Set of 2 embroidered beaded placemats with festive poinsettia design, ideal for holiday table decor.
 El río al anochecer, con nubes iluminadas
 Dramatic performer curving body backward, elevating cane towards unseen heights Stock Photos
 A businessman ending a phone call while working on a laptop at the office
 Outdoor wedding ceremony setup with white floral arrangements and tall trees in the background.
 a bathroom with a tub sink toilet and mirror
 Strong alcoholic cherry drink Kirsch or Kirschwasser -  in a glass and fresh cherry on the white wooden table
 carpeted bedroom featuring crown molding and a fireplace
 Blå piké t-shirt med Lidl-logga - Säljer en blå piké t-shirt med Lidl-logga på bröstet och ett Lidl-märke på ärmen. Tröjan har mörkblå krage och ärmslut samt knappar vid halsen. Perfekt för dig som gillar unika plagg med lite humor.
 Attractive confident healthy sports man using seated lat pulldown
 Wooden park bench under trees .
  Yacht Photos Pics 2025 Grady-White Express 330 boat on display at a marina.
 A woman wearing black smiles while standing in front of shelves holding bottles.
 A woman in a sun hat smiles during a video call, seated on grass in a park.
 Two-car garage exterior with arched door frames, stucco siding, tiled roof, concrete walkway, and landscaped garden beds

_Exercise directions_: Return exactly the lines from the one containing "A woman in a" through the last line of the records above, both included, and nothing else.

_Expected output_:
 A woman in a sun hat smiles during a video call, seated on grass in a park.
 Two-car garage exterior with arched door frames, stucco siding, tiled roof, concrete walkway, and landscaped garden beds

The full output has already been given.